| Activity |
Please quote only the lines that start at the one with "Polka Dot Patchwork" and go on to the last line of the data, both ends kept.

| Data |
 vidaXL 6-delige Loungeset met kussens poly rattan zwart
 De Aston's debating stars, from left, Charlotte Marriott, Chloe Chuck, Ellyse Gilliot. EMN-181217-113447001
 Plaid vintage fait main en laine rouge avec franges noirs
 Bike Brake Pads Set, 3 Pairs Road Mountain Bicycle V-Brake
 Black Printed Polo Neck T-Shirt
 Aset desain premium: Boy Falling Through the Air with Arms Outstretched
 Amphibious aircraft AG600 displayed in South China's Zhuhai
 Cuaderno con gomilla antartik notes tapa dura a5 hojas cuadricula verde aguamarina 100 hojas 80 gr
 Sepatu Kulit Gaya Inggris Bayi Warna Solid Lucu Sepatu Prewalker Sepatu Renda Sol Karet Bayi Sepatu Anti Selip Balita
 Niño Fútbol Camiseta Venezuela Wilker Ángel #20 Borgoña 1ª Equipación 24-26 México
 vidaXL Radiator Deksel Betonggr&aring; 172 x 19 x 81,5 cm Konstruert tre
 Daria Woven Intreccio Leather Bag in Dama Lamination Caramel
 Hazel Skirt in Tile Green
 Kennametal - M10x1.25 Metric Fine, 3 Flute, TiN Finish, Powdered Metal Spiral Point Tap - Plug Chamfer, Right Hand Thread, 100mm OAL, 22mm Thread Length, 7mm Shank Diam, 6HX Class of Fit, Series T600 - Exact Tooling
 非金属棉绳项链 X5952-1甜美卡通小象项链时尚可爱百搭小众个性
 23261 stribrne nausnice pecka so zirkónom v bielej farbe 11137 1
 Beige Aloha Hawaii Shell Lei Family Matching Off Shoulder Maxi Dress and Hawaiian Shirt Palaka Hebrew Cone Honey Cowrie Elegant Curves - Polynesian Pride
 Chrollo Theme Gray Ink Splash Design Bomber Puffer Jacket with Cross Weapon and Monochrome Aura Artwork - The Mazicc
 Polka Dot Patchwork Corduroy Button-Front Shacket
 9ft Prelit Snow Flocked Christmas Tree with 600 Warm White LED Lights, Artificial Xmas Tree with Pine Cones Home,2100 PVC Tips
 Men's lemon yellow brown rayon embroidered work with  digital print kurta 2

| Answer section |
 Polka Dot Patchwork Corduroy Button-Front Shacket
 9ft Prelit Snow Flocked Christmas Tree with 600 Warm White LED Lights, Artificial Xmas Tree with Pine Cones Home,2100 PVC Tips
 Men's lemon yellow brown rayon embroidered work with  digital print kurta 2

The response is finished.